(Stored items from a collection)
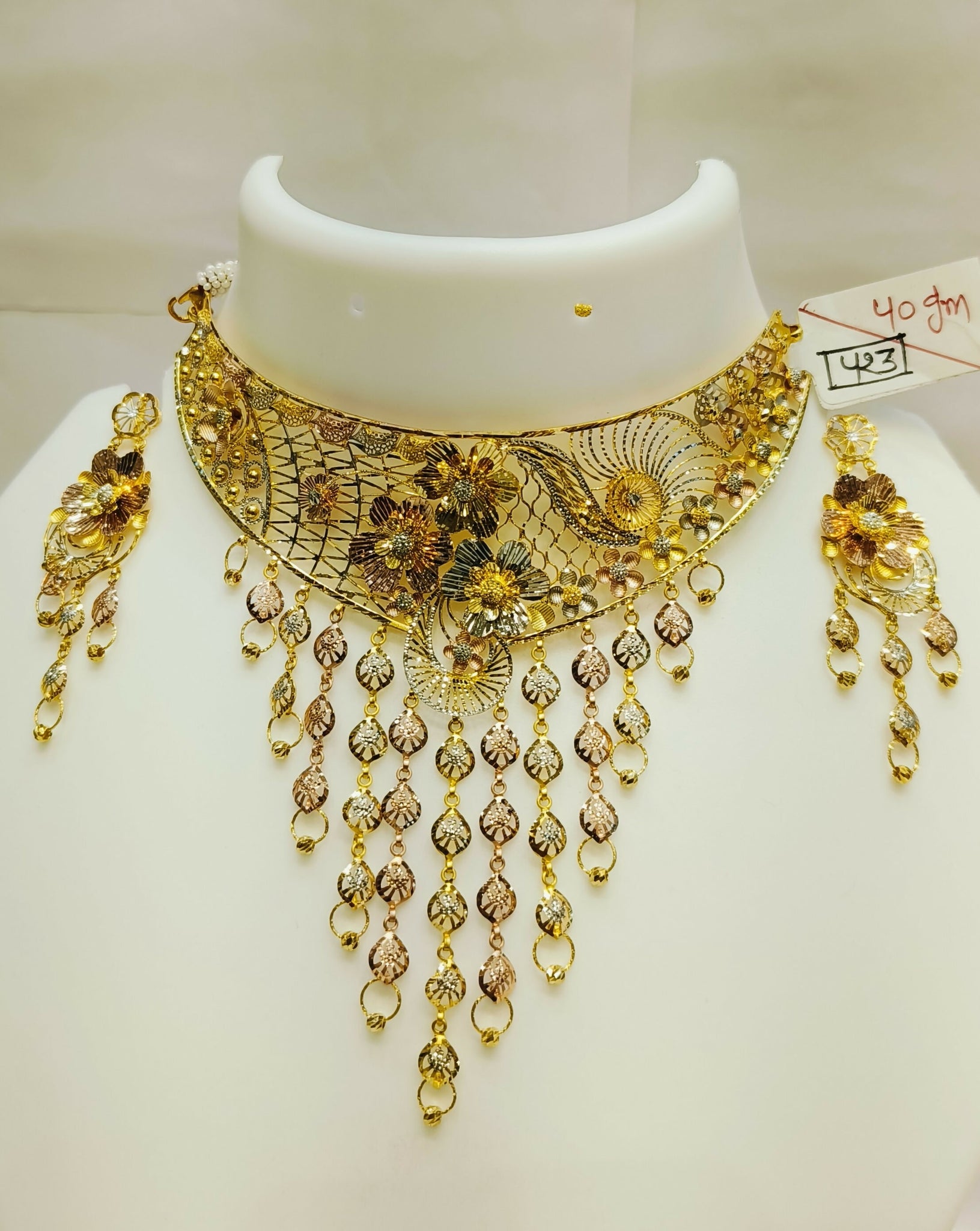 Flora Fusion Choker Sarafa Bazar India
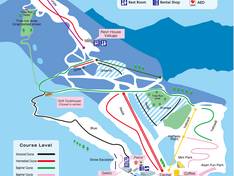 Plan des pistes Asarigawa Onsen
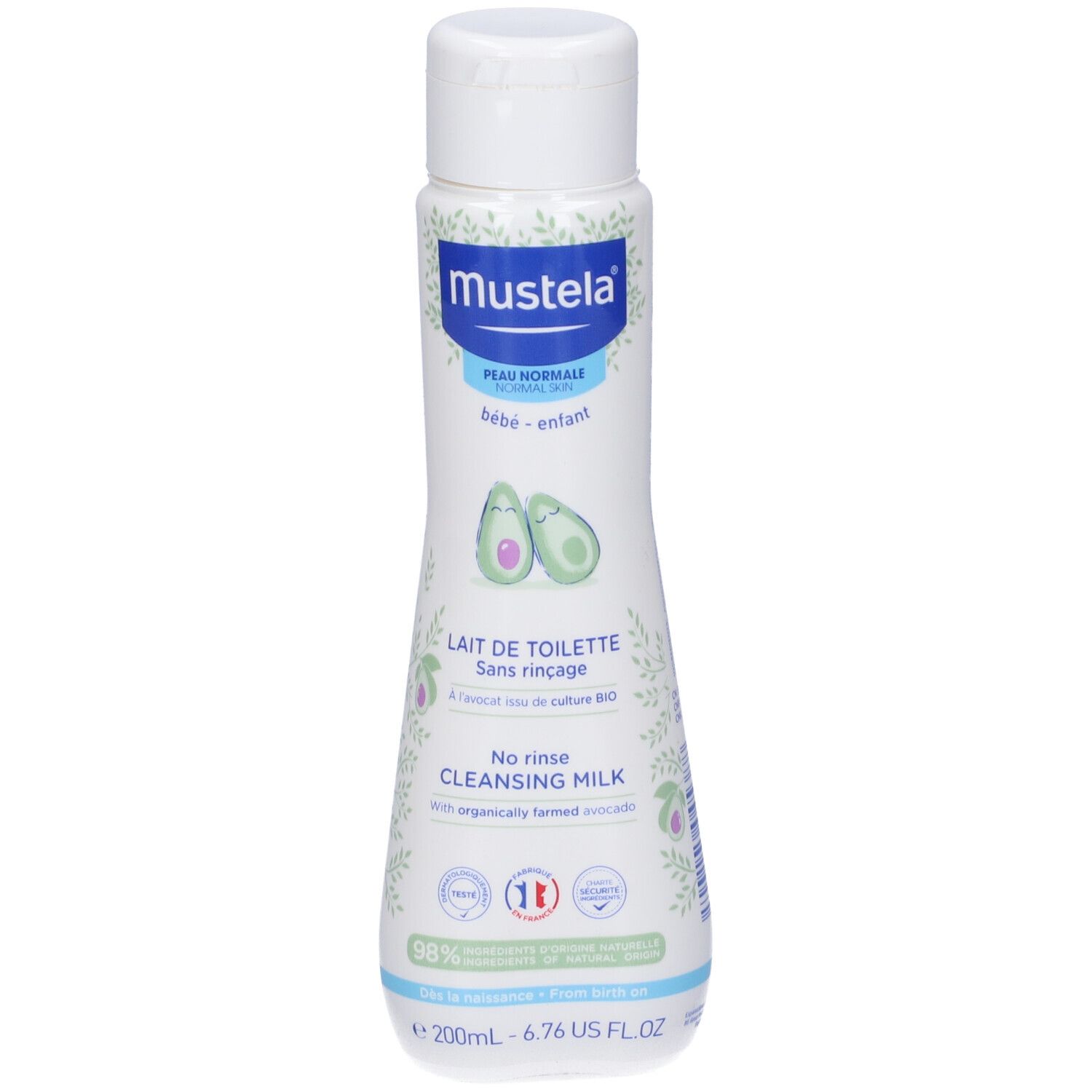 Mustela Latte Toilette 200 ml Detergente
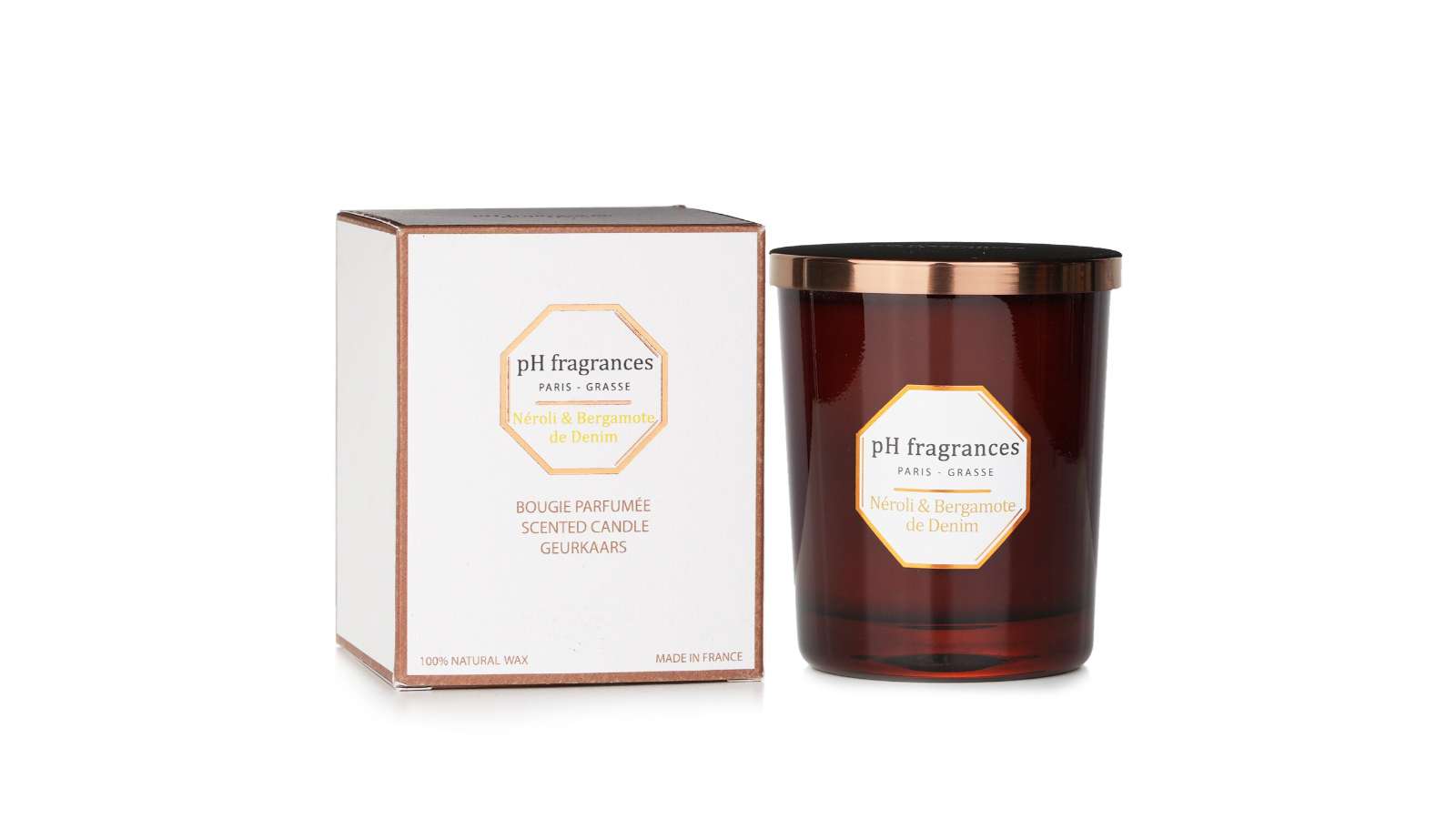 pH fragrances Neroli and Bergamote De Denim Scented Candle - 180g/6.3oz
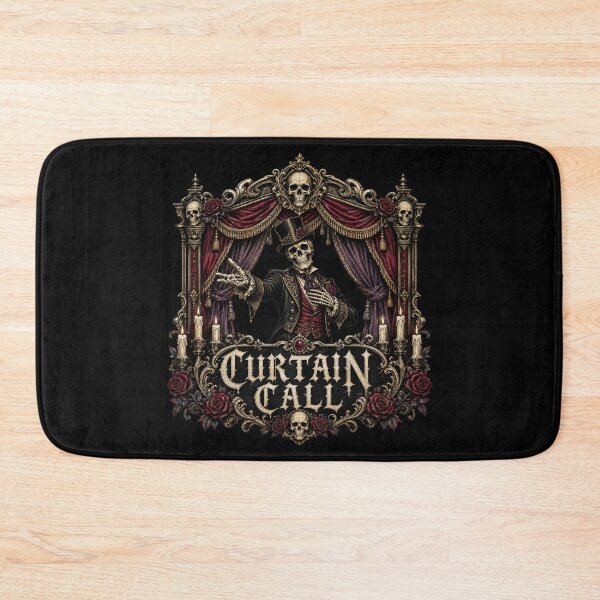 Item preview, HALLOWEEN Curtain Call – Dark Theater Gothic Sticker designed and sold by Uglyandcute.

WHAT THE TASK ASKS
Restate all of the data word for word and include no pictures.

ANSWER FOR THIS EXERCISE
 Flora Fusion Choker Sarafa Bazar India
 Plan des pistes Asarigawa Onsen
 Mustela Latte Toilette 200 ml Detergente
 pH fragrances Neroli and Bergamote De Denim Scented Candle - 180g/6.3oz
 Item preview, HALLOWEEN Curtain Call – Dark Theater Gothic Sticker designed and sold by Uglyandcute.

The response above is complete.